Metfrag .txt parameter file
PeakListPath = File1/insilico/peakfiles_ms2/Peaks_01.txt
IonizedPrecursorMass = 152.995452880859
PrecursorIonMode = -1
IsPositiveIonMode = False
MetFragDatabaseType = LocalCSV
LocalDatabasePath = COCONUT_Jan2022.csv
DatabaseSearchRelativeMassDeviation = 5
FragmentPeakMatchAbsoluteMassDeviation = 0.001
FragmentPeakMatchRelativeMassDeviation = 15
MetFragCandidateWriter = CSV
SampleName = 1_id_endo_negM153R40ID1_mz_152.995452880859_rt_40.0539309
ResultsPath = File1/insilico/MetFrag/coconut/
MetFragPreProcessingCandidateFilter = UnconnectedCompoundFilter
MetFragPostProcessingCandidateFilter = InChIKeyFilter
MaximumTreeDepth = 2
NumberThreads = 1
SIRIUS .ms file
>compound file_1M182RNAID1 ## ID
>parentmass 151.03643799 ## precursor m/z
>charge -1 ## charge, pos or neg
>rt NAs ## median retention time in seconds
>collision 15eV ## ms2 simply can be written here instead of collision energy, this is the fragmentation peak list
65.1203 26499.103516
67.302422 30616.269531
71.056732 26360.367188
...
136.075729 7684037
147.043976 1080712.25
165.054611 3833276.5
182.081146 575214.9375 ### first column is m/z and second column is intensity
In order to create such a file, further pre-processing and data extraction is required from mzML format to be stored in txt or .ms. To do that, ms2_peaks
function is used, which extracts ms2 fragmentation peaks for all of the precursor m/z. If there are more MS2 spectra associated with one precursor m/z, the function combines these MS2 spectra and extracts all fragmentation peaks. These peaks are stored as txt (e.g: "/usr/MAW/Tutorial/File1/insilico/peakfiles_ms2/Peaks1.txt")
# Extract MS2 peaks
spec_pr2 <- ms2_peaks(pre_tbl = paste(mzml_result, "/premz_list.txt", sep = ""),
proc_mzml = paste(mzml_result, "/processedSpectra.mzML", sep = ""),
result_dir = mzml_result,
file_id)
# Extract MS1 peaks
ms1p <- ms1_peaks(x = paste(mzml_result,'/insilico/MS2DATA.csv', sep = ""),
y = NA,
result_dir = mzml_result,
QCfile = FALSE)
The result from this function is not only the MS2 Fragmentation peak lists, but also a table of precursor m/z along with other elements of each feature. e.g: the file "/opt/workdir/data/File1/insilico/MS2DATA.csv" contains:
no. | id_X | premz | rtmed | rtmean | int | col_eng | pol | ms2Peaks | ms1Peaks |
---|---|---|---|---|---|---|---|---|---|
1 | file_1M182RNAID1 | 182.081 | NA | NA | NA | NA | neg | ./Example_Tyrosine/insilico/peakfiles_ms2/Peaks_01.txt | NA |
Here, id represents a unique id for individual feature (precursor m/z and rt median). This ID corresponds with the one generated for spectral database dereplication. Last column represents the path of the MS2 fragmentation peaks which can later be used to retrieved the ms2 peaks.

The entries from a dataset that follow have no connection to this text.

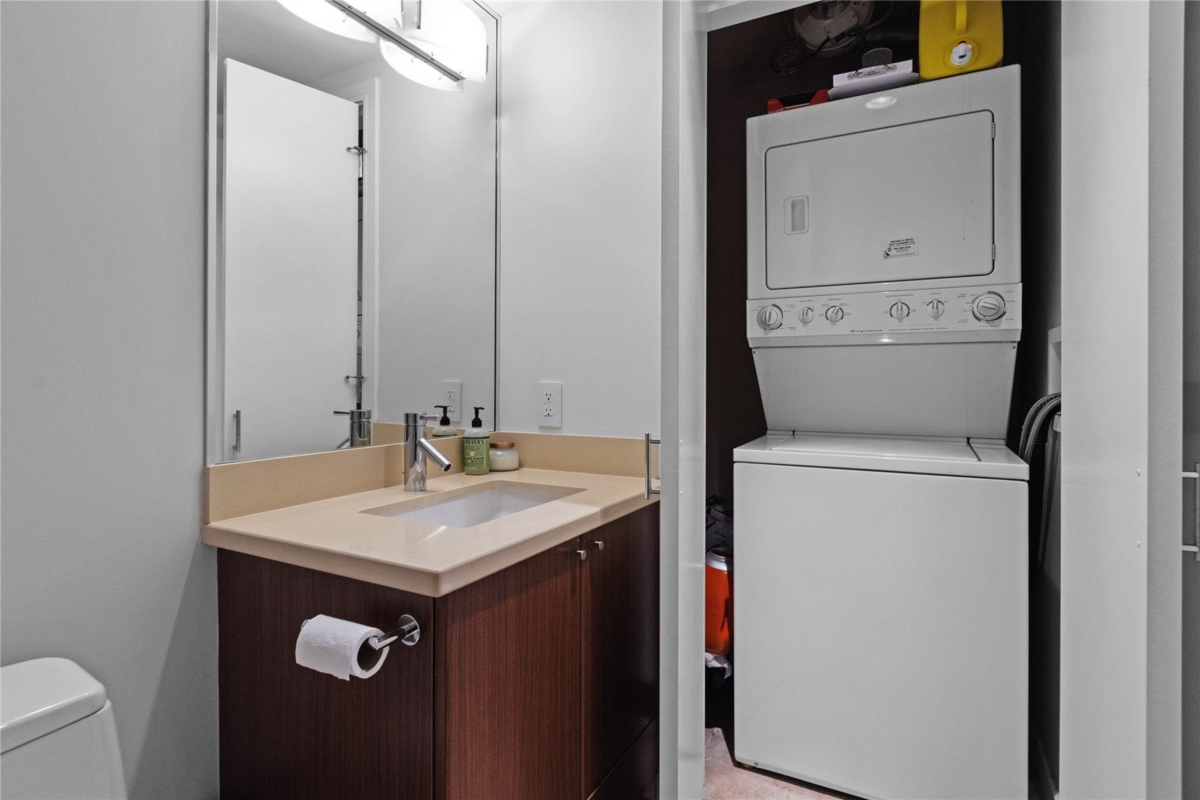 Primary Bathroom Photo of 1102 4400 Buchanan Street, Burnaby, BC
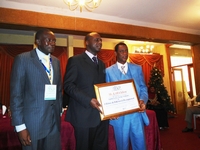 Distinction / Kaba Sékou, président du Conseil des Guinéens Résidant en Côte d’Ivoire reçoit le Prix Prestige de l’Acteur de Cohésion et Développement: l`allocution du Manager général de Prestige Production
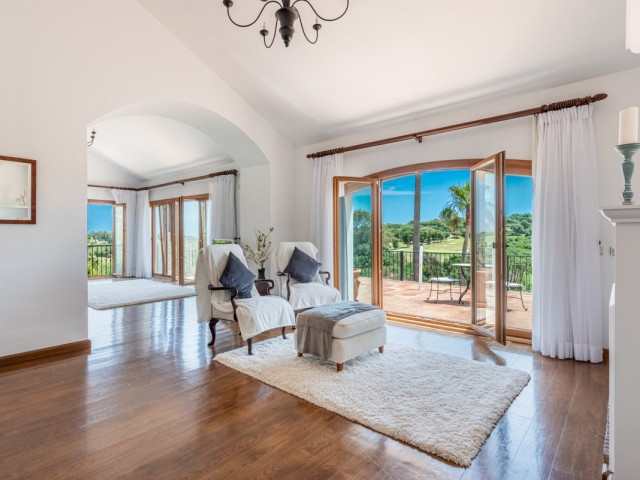 7 Bedrooms Villa in Sotogrande Alto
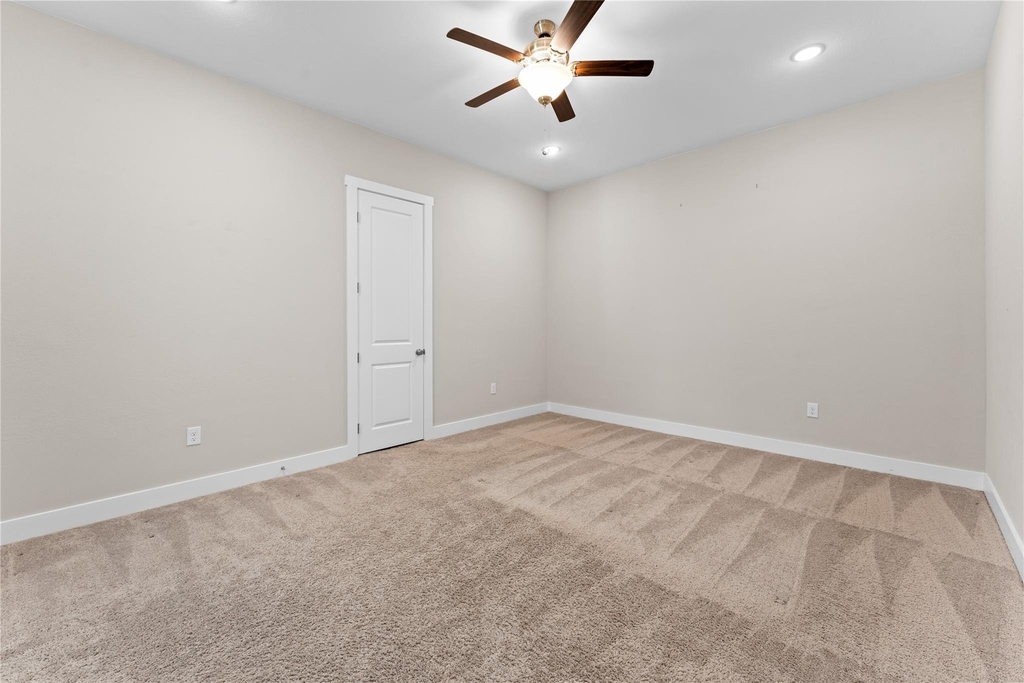 2650 Fountain View Street - Photo 18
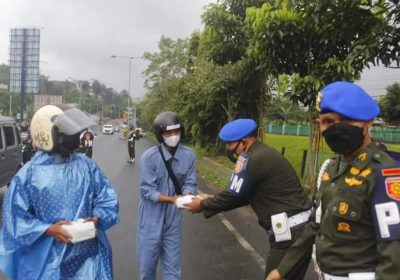Turun Ke Jalan, Personel Denpom Divif 2 Kostrad Bagikan Ratusan Takjil
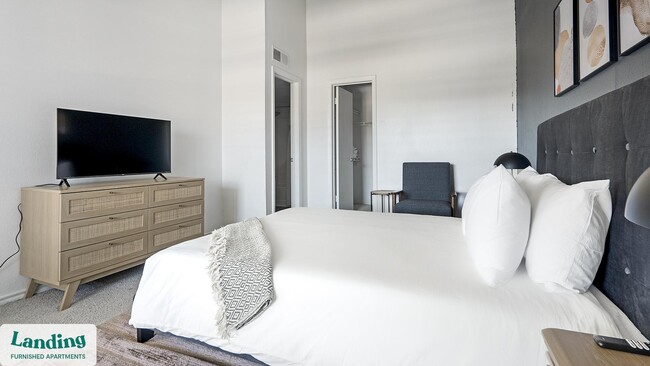 Photo - 1071 Clayton Ln Unit M1012.1407619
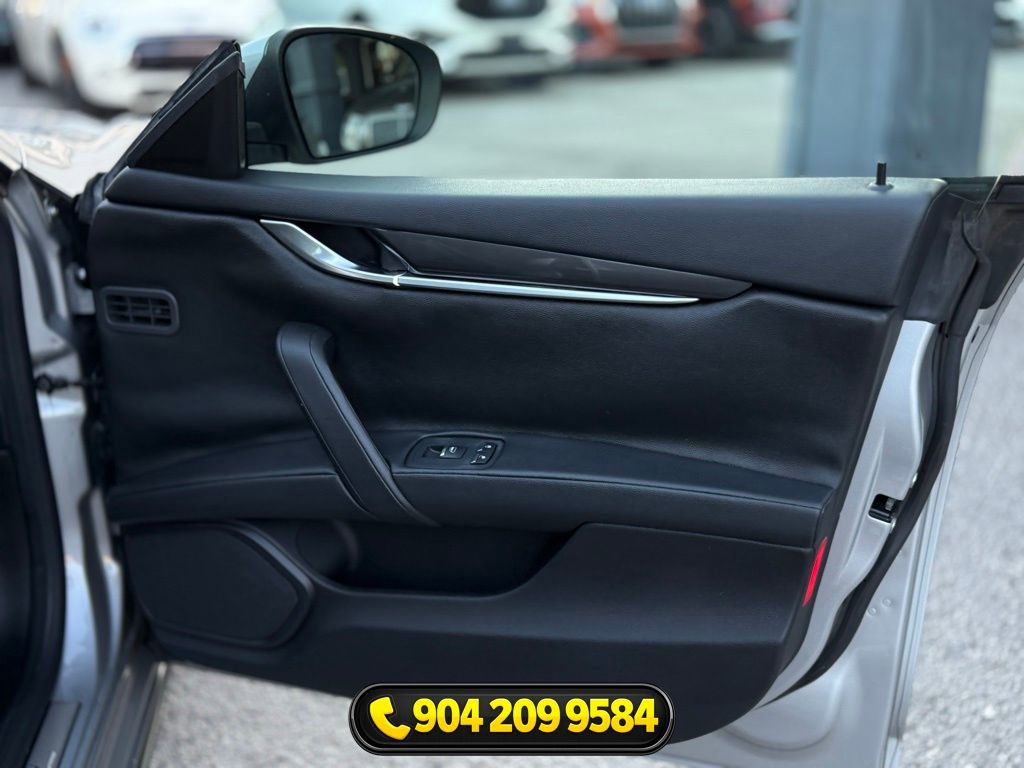 Used 2018 Maserati Ghibli image 15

(OPTIONAL) Now, to create the ms files, we have extracted all relevant information. To write the .ms files, function called sirius_param
is used. MS1DATA.csv has all the information needed to write the .ms file.

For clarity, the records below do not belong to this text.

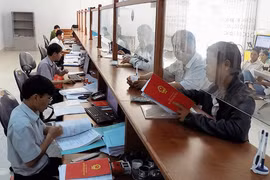 Lãnh đạo UBND TP HCM chỉ đạo thực hiện Luật Đất đai 2024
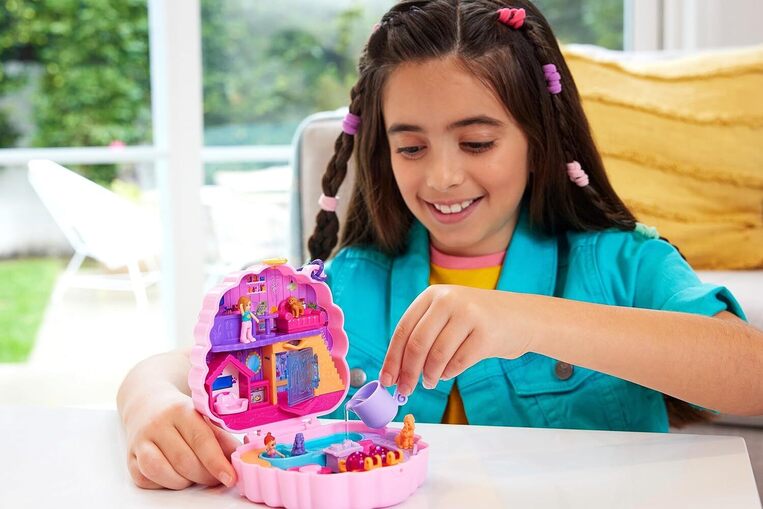 Polly Pocket Groom And Glam Poodle Compact - HKV35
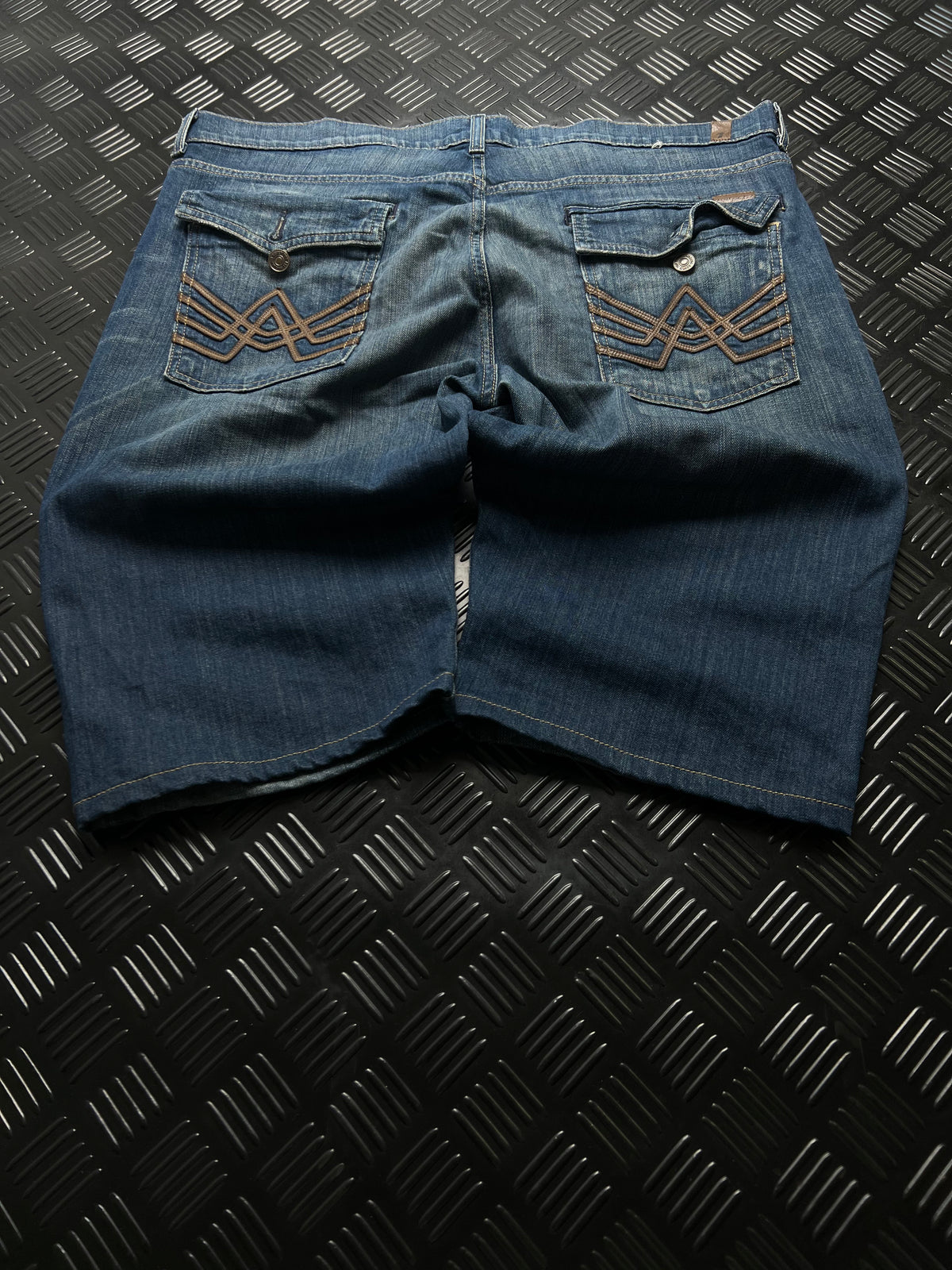 BERMUDAS VAQUERAS CON BORDADOS 7 FOR ALL MANKIND · AZUL — vista trasera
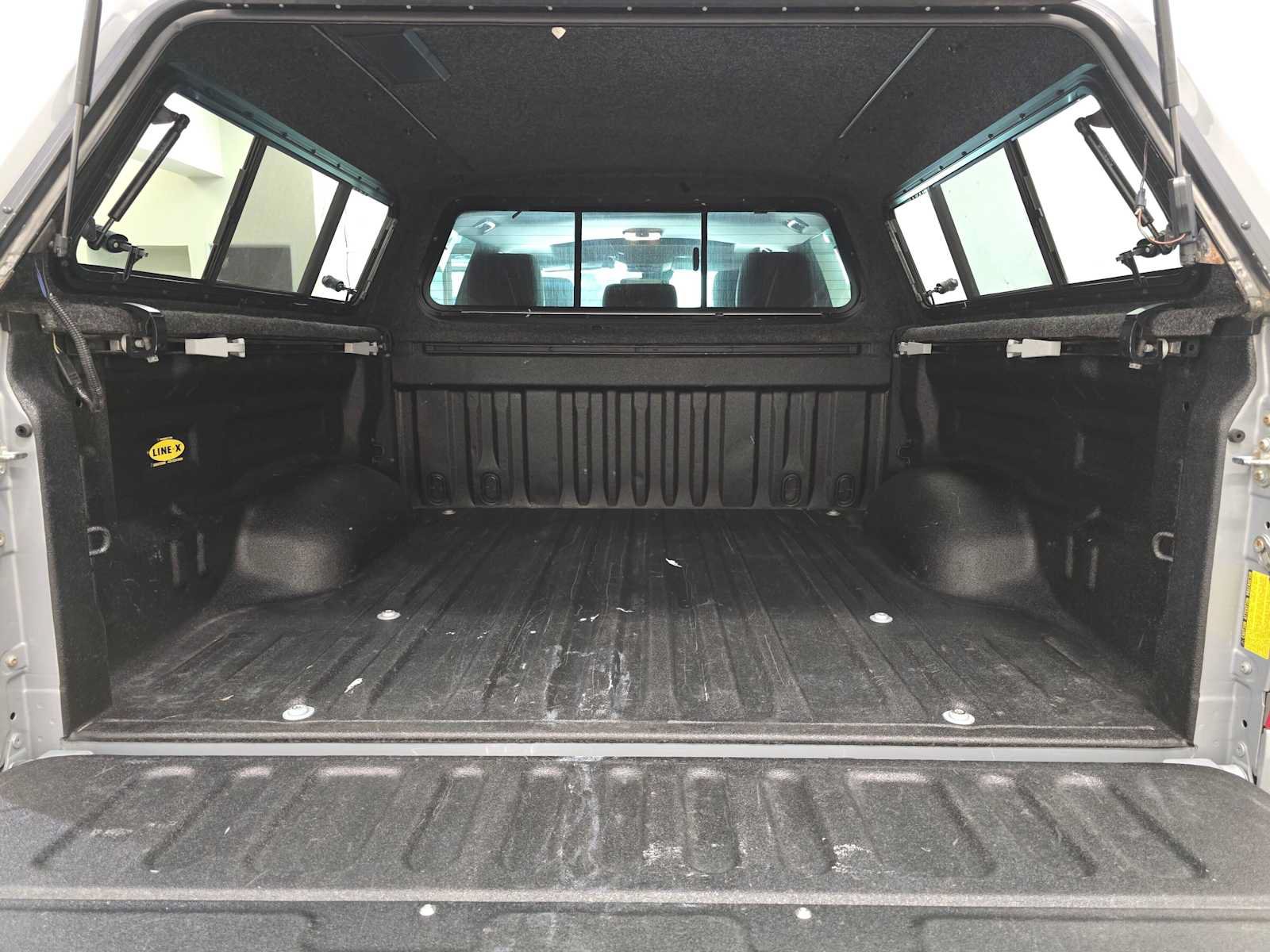 Used 2019 Toyota Tundra Limited w/ Limited Premium Package AWD/4WD image 30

#prepare sirius parameter files
sirius_param_files <- sirius_param(x = paste(mzml_result,'/insilico/MS1DATA.csv', sep = ""),
result_dir = mzml_result,
SL = FALSE,
collision_info)
The resulting table looks like this:
no. | sirius_param_file | outputNames | isotopes |
---|---|---|---|
1 | /opt/workdir/data/File1/insilico/SIRIUS/1_NA_iso_MS1p_182_SIRIUS_param.ms | /opt/workdir/data/File1/insilico/SIRIUS/1_NA_iso_MS1p_182_SIRIUS_param.json | NA |
To generate txt files for metfrag following command is used:
metfrag_param(x= paste(mzml_result,'/insilico/MS1DATA.csv', sep = ""),
result_dir = mzml_result,
db_name,
db_path,
ppm_max = 5,
ppm_max_ms2= 15)
After that a JSON file is created with all the outputs and their relevant paths present in the JSON file.